28 de Junho, dia de muitas memórias, desde o triste referendo sobre as condições criminais da interrupção voluntária da gravidez, onde clara e frontalmente perderam as minhas convicções (1998), ao da edição de "Le Portugal Bailloné" de Mário Soares (1972), onde muitos costumam ir ver as diferenças do original face à posterior tradução portuguesa. Mais além do nosso quintal, assinale-se que em 1914 se deu o atentado de Serajevo, rastilho da Grande Guerra, para nesta mesam data, mas de 1919, se assinar o Tratado de Versalhes, antes de em 1931 ocorrerem as célebres eleições em Espanha para a Constituinte, com vitória da coligação socialista-republicana. Por tudo isto é que prefiro comemorar uma data de 1712, quando nasceu aquele que para mim é o maior escritor de teoria poítica destes últimos tempos: Jean-Jacques.
Rousseau nasce em Genebra, em circunstâncias trágicas, dado que a mãe morreu durante o parto, prenúncio de uma existência agitadíssima. Aos dez anos chega a vez do pai, relojoeiro, o deixar entregue a si mesmo iniciando-se aquela promenade solitaire ou vagabundagem marcada por um permanente autodidactismo. Encontra o primeiro trabalho como empregado de notário e depressa se acolhe à protecção de uma Madame Warens, católica, agente do rei da Sardenha. É então que se converte ao catolicismo e que foge para Turim.

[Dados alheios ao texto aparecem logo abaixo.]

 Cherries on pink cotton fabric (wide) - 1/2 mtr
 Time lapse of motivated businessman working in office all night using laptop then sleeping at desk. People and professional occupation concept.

A partir de 1744 instala-se em Paris, onde encontra nova companheira, a antiga criada de quarto, Thérèse Levasseur, começando uma actividade de escritor de óperas. Entra então em contacto com os intelectuais mais influentes da época, como Voltaire, que o detesta, e Diderot, que o contrata como colaborador da Enciclopédia. Mas é apenas com trinta e oito anos que se experimenta como escritor quando concorre para a Academia de Dijon, apresentação do trabalho Discours sur les Sciences et les Arts (1750), que lhe dá fama e dinheiro, propondo-se, a partir daqui, a elaborar uma obra global sobre as Institutions Politiques.

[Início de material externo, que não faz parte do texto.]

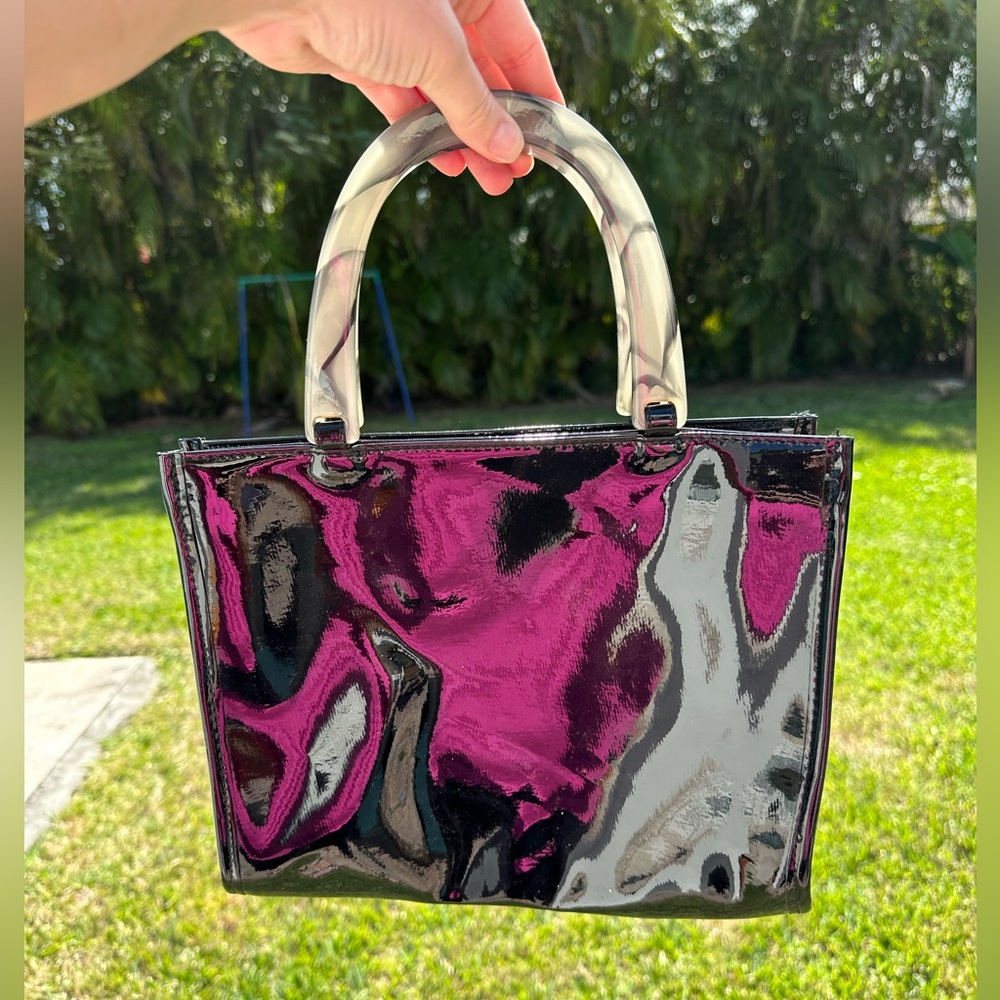 Neiman Marcus
Patent Marbled Top
Handle Black Tote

Mas só cinco anos depois surgem alguns frutos desse projecto: para além do Discours sur l’Économie Politique, publicado na Enciclopédia, é editado, no mesmo ano de 1755, o Discours sur l’Origine de l’Inegalité parmi les Hommes. Em 1761 volta ao calvinismo e começa a escrever La Nouvelle Heloïse. Em 1762 chega a vez de Emile ou sur l’Éducation e da principal obra, o Du Contrat Social. Principes de Droit Politique.
Continua, no entanto, uma vida errante. Em 1756 vai para o Ermitage. Em 1758 está em Montmorency. No mesmo ano em que o Emile era queimado publicamente em Paris, em 11 de Junho de 1762, também o Du Contrat Social sofre de idêntica sorte em Genebra, segundo sentença de 19 de Junho, por ser tendente a destruir a religião cristã e todos os governos. Entre 1763 e 1764, instalado em Val de Travers, na sua Suíça, escreve as Lettres Écrites de la Montagne. Segue então para Inglaterra a convite de David Hume. Aí escreve Les Confessions (1764-1770). Surgem depois as Rêveries d’un Promeneur Solitaire (1776-1778) e a vagabundagem prossegue: Normandia, Lyon, Monquin e Paris, mais uma vez.
Em 1764-1765 é a elaboração do Project de Constitution pour la Corse, apenas publicado em 1861. Em 1771 chega a vez de Les Considérations sur le Gouvernement de Pologne et sur as Réformation Projectée, publicado em 1782. Morre em Ermenonville (2 de Julho de 1778). Pede para ser enterrado no jardim da Ilha dos Choupos, mas as cinzas em 1794, são transferidas para o Panthéon.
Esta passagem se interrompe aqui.